31st October 2019
Witches’ Sabbath, Hans Baldung Grein, 1510
Today the United Kingdom will not be leaving the European Union by automatic operation of law.
The next date on which the UK’s departure is set to happen will now be 31st January 2020, the fourth such departure date.
So familiar are we now with Brexit days coming and going there may perhaps be a blithe expectation that the UK will stay in the EU again after the next supposed departure date.
This expectation may be complacent.
There is a form of ratchet effect with the successive exit dates.
The UK parliament has now agreed the current withdrawal agreement in principle.
And the EU will, it seems, be glad to be rid of the Brexit problem, if not rid of the UK.
With one more heave, so to speak, the UK may well be departing the EU in January.
Nobody should assume the UK will stay in the EU after 31st January 2020.
The UK government has now twice loudly declared that Brexit would happen on specific dates – 29th March and 31st October.
There is endless footage of successive prime ministers insisting that successive departure dates are absolute and will be kept.
It is difficult to see how anyone will take the government seriously if it now insists loudly that Brexit will definitely happen on 31st January 2020.
The UK government has already lost trust in its dealings on Brexit, and it is now losing its credibility with its threats.
(Of course, some wags will say that the UK government never had credibility in the first place; but it was entirely credible that, but for the Benn Act and the defeat on the Withdrawal Agreement Bill programme motion, the UK would be leaving the EU this evening.)
Hallowe’en is nowadays a festival where once scary things are treated as not at all scary.
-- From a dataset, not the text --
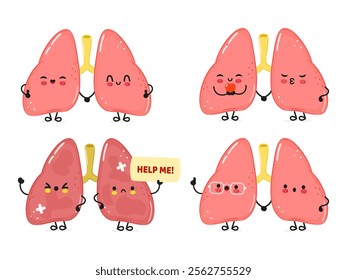 Funny Lungs characters bundle set. Vector hand drawn doodle style cartoon character illustration icon design. Cute Lungs mascot character collection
And so it is perhaps fitting that today is when the UK government’s scary (and irresponsible) approach to Brexit, of demanding that an exit date be kept in all circumstances, is shown to have not worked.
This does not make the prospect of an actual departure, either with a deal or without a deal, on 31st January less of a prospect.
That remains a real possibility, and it is now the default position.
What has been removed, however, is the ability of a government under the current or other prime minister to use a departure date as a rhetorical device to frighten others into compliance.
Nobody will believe them.
The current prime minister famously said that he would rather “die in a ditch” than for the UK not to leave the EU today.
And now such ditches and ditchcraft seem as unthreatening as depictions of witches and witchcraft at a children’s Hallowe’en party.